36 One of the surprising features of the analysis presented above, given the findings of other DP studies, is the apparent absence of an explanatory role for changes in political knowledge. Previous studies (e.g. Fishkin and Luskin, ‘Experimenting with a Democratic Ideal’; Fishkin and Luskin, ‘Broadcasts of Deliberative Polls’; Luskin, Fishkin and Jowell, ‘Considered Opinions’) have found that increases in knowledge constitute an important part of the DP effect on participants’ attitudes. It could be argued that the lack of knowledge-effects observed here results more from a failure of model specification than from a lack of ‘real effects’. There are two important ways in which the specification and estimation of possible knowledge effects here differs from those used in other studies.

First, increases in knowledge here are captured explicitly in terms of observed individual-level change, rather than in terms of the ‘implied change’ that results from the use of a lagged dependent variable model. In ‘Broadcasts of Deliberative Polls’, Fishkin and Luskin argue that post-test knowledge level is the best proxy for knowledge change.
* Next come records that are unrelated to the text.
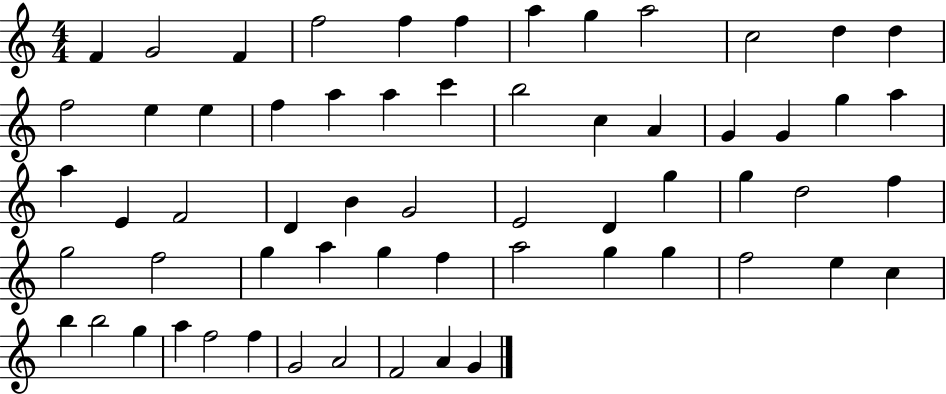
{
  \clef treble
  \numericTimeSignature
  \time 4/4
  \key c \major
  f'4 g'2 f'4 | f''2 f''4 f''4 | a''4 g''4 a''2 | c''2 d''4 d''4 | \break f''2 e''4 e''4 | f''4 a''4 a''4 c'''4 | b''2 c''4 a'4 | g'4 g'4 g''4 a''4 | \break a''4 e'4 f'2 | d'4 b'4 g'2 | e'2 d'4 g''4 | g''4 d''2 f''4 | \break g''2 f''2 | g''4 a''4 g''4 f''4 | a''2 g''4 g''4 | f''2 e''4 c''4 | \break b''4 b''2 g''4 | a''4 f''2 f''4 | g'2 a'2 | f'2 a'4 g'4 | \break \bar "|."
}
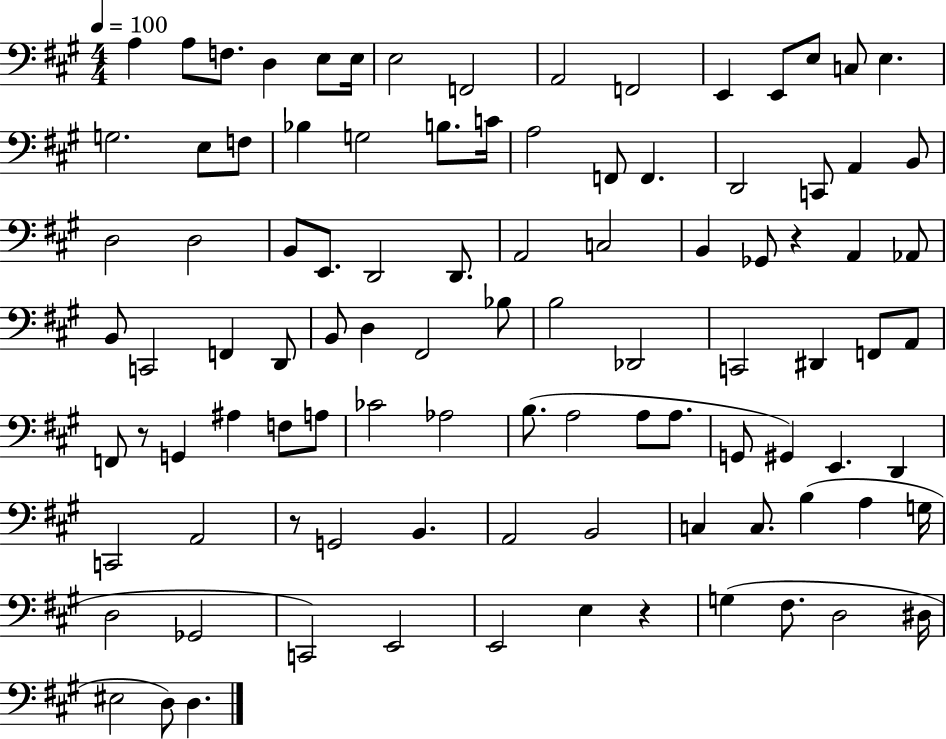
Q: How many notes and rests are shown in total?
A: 98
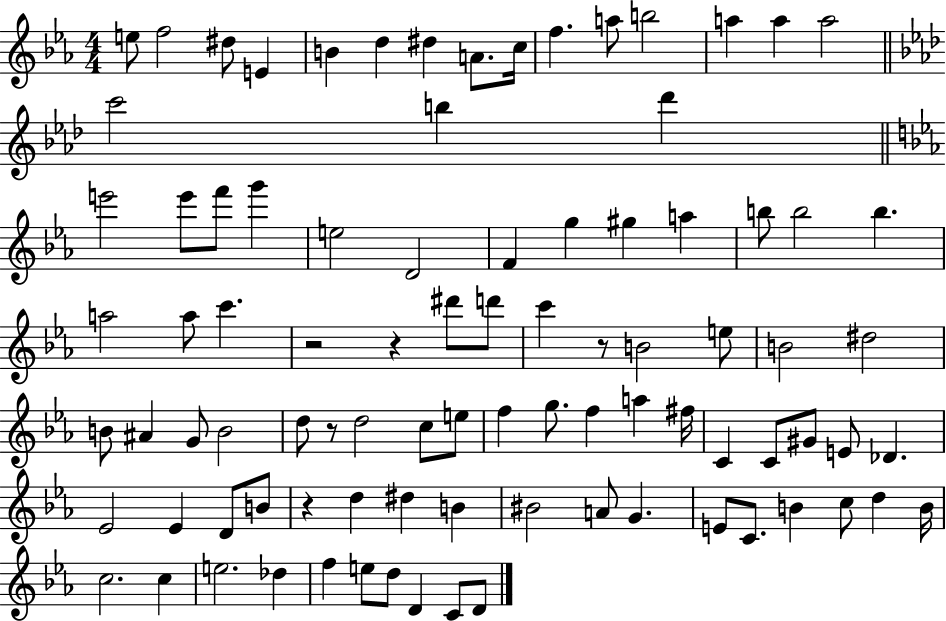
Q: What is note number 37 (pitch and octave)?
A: C6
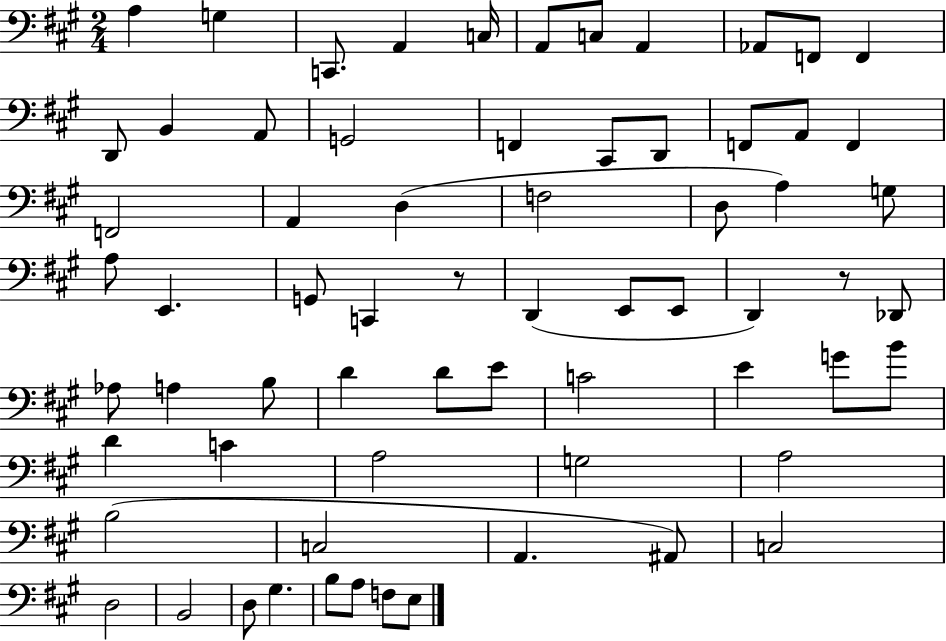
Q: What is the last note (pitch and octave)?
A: E3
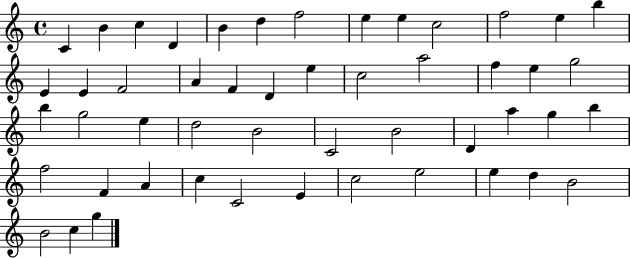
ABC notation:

Here, this would imply that knowledge change could best be measured using the level of knowledge at wave 4 rather than the change in knowledge between waves 1 and 4. The use of this term ‘level’ is typically justified on the grounds that people with high knowledge at time 1 by definition cannot increase their knowledge level at time t 2 as much as can people with low knowledge at time t 1. Moreover, with a lagged dependent variable this ‘level of knowledge at wave 4’ specification can in any case be regarded as capturing the implied effects of knowledge change. However, it should be noted that this is only the modelled effect of change – not the actual effect of observed individual change. In any event, substituting ‘wave 4 level of knowledge’ for the ‘change in knowledge between waves 1 and 4’ in the models reported in Tables 8 and 9 produces virtually identical results to those reported in those two tables. Using the ‘level of knowledge at wave 4’ specifications, the knowledge term fails to produce a significant effect for almost all the dependent variables examined here. The only exception is in the immigration importance equation, where the knowledge term produces a significant (but negative) effect. All of this suggests that the use of an explicit knowledge change measure in Tables 8 and 9 does not mask effects that would be otherwise revealed if an implicit change (wave 4 level) measure were used instead.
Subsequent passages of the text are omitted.